It exasperates me that we’re so slow to set up some form of time-of-use rates for electricity, since that’s such a straightforward way to get people to shift when we demand power, making it easier to balance a clean grid. The power of market incentives, the invisible hand, and all that.

There are, I realize, many complications because our current system of regulation and payment doesn’t fit with TOU but tough beans – get it done anyway! This is important, folks.

There’s a chance that time of use rates will start sneaking into New Hampshire by way of electric vehicles. Energy News Network has a nice writeup about this (read it here). A couple snippets to get you to click through:

“I think that the beginning of the age of electric vehicles is not just potentially great for transportation but also great for electricity, because it sort of cracks open the door for time-of-use rates,” said D. Maurice Kreis, the state’s consumer advocate.

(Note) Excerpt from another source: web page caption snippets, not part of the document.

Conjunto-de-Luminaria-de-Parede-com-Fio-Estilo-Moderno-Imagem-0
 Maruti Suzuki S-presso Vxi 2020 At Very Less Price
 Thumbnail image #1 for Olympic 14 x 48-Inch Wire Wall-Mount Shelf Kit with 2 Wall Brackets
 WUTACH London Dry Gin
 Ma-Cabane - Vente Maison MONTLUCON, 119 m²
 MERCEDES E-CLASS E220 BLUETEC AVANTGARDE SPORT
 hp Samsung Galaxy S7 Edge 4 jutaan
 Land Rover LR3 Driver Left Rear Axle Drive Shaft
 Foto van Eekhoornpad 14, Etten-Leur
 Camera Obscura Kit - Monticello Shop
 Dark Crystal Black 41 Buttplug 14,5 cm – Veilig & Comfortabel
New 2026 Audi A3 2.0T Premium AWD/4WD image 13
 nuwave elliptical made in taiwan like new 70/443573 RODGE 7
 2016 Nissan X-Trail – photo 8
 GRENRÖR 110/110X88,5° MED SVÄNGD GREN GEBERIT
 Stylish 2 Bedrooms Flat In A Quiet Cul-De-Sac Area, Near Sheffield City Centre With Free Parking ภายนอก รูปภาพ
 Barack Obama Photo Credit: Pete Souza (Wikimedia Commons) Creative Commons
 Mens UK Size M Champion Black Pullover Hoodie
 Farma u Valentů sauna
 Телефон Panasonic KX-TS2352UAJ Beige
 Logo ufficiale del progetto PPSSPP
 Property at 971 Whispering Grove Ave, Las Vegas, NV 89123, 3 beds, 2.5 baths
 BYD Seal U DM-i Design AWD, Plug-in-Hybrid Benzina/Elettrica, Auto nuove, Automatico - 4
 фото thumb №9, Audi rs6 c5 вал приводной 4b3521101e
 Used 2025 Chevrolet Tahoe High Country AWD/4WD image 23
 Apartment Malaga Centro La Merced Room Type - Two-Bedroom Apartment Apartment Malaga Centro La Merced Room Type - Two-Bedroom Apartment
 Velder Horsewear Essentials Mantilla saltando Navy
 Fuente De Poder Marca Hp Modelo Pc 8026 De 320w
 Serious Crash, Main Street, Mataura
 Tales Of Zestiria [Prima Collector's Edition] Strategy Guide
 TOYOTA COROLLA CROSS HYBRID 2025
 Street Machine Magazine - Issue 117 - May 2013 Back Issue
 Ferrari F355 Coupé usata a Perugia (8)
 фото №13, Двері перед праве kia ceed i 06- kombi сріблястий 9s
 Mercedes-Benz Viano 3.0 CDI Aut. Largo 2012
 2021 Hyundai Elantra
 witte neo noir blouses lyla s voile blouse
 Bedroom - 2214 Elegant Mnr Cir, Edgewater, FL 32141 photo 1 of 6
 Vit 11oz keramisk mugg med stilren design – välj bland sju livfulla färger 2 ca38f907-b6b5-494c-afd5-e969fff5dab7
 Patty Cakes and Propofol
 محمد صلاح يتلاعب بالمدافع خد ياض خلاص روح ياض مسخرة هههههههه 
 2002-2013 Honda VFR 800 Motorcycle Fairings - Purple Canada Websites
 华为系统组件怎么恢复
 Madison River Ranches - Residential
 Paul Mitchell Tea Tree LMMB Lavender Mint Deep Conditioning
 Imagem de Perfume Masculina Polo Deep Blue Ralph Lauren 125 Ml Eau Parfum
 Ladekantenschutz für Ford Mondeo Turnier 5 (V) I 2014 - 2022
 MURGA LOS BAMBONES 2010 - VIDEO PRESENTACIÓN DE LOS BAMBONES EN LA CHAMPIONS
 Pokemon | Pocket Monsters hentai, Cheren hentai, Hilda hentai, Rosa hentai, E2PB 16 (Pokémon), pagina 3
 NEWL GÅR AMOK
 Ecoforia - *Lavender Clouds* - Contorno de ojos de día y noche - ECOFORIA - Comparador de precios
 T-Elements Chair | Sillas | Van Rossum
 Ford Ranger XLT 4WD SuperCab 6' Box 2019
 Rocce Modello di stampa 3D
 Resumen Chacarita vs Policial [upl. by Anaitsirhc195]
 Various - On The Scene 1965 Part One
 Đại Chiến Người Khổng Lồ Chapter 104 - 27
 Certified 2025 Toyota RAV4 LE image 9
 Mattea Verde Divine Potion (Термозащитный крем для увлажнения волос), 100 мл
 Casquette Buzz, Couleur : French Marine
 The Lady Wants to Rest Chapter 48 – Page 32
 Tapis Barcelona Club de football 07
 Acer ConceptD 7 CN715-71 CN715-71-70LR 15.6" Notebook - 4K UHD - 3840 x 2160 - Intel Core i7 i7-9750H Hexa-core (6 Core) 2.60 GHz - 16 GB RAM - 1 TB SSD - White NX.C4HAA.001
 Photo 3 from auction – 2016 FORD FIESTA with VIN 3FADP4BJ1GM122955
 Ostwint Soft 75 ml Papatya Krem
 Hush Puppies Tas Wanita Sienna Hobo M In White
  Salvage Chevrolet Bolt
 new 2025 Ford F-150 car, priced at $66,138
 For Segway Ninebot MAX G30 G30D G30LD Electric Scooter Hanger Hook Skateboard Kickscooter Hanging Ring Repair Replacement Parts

Although commission staff recommended that electric vehicle drivers be allowed to adopt the new rate just for their car, this raises a question over how to measure that use separate from the rest of the home. Traditionally, it would have required a separate meter to measure electricity from the customer’s charger. If the utility owns that meter, it brings in revenue, but it can also hike customer bills.

Chargers now often have their own embedded technology that can measure electricity use. ChargePoint, a developer whose chargers offer this capability, submitted comments noting this.